Cook ready to answer critics

Hampshire Chronicle: England captain Alastair Cook took on his critics on the eve of the second Test against Sri Lanka England captain Alastair Cook took on his critics on the eve of the second Test against Sri Lanka

Alastair Cook will lead England out against Sri Lanka on Friday having already taken on some notable off-field opponents.

England face the tourists in a winner-takes-all clash at Headingley just days after drawing the series opener at Lord's.

For Cook it represents not only the chance to seal a morale-boosting series win for returning head coach Peter Moores, but also to craft a riposte to his critics.

The opener has presided over significant successes during his time as captain - notably a series win in India and a home Ashes triumph last summer - but has never fully escaped charges of conservatism and tactical rigidity.

Australia great Shane Warne has been his most persistent critic, deeming Cook's captaincy "boring" and "negative" and frequently using his commentaries to highlight his perceived faults in the field.

On the eve of the second Test, the England skipper took the chance to have his own say.

"Something needs to be done because in three years I've been England captain I have just, in my eyes, been criticised for a hell of a lot of that," he told BBC Radio Five Live's Jonathan Agnew.

"Yes, when we lose games of cricket as a captain you get criticised but I've also won a lot of games of cricket for England, won more one-day games than anyone as England captain, won an Ashes, won in India away and that's what I'm proud of as well.

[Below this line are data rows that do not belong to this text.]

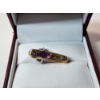 Image 3 : 14K Gold Pendant with Diamonds and Large Amethyst-Colored Stone Total Weight 2.9g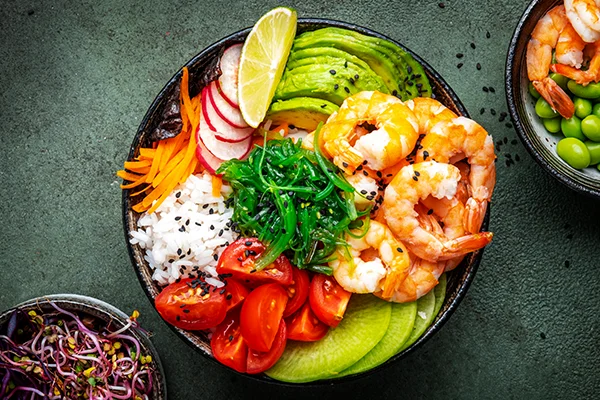 why use hfss calculator - image shrimp poke bowl with fruits and vegetables
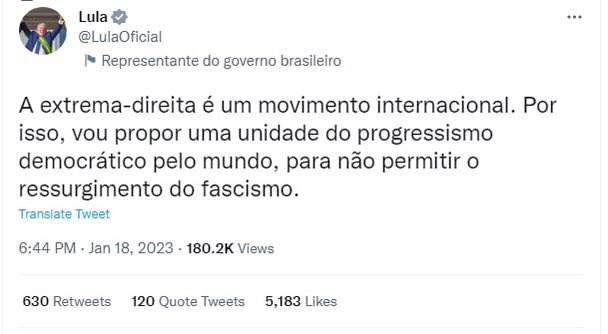 Eliminação dos inimigos da Elite Globalista/Socialista: O tal “progressismo democrático”que este Bandido descondenado fala é o mesmo que uma “Ditadura Socialista Plena”e será apoiada e consolidada pelas Forças Armadas,pode escrever ai… #BolsonaroTemRazao #PTOrganizacaoCriminosa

"So to be criticised for three years, totally, with those results, I find quite hard to take to be honest with you.

"Support and positivity is what this England team needs."

When Agnew asked if he believed it was personal, the Essex batsman added: "Yeah, I think it is."

Asked in a subsequent press conference whether he was tempted to seek out the opinions of the former England captains who currently work for television and radio, or even pick Warne's brain, Cook placed his faith inside the dressing room.

"I think we keep it in house. With cricket tactics there is always a different way of doing it," he said.

"It's trying to get the best result at the end of the day. Everyone will have a different view from it. That's cricket. I'm doing it the way that feels right to me on the pitch and that is the end of it.

"I thought we did a good job last week."

Cook's opposite number Angelo Mathews would be forgiven for taking another draw in Leeds as a good result on foreign turf, but he is only thinking of taking the series.

"If we can win the game, that's what we're looking for, not really a draw," he said.

"We can't really predict anything, we've just got to go out there, play positive cricket and try to win.

"If we have to make those tactical changes we will."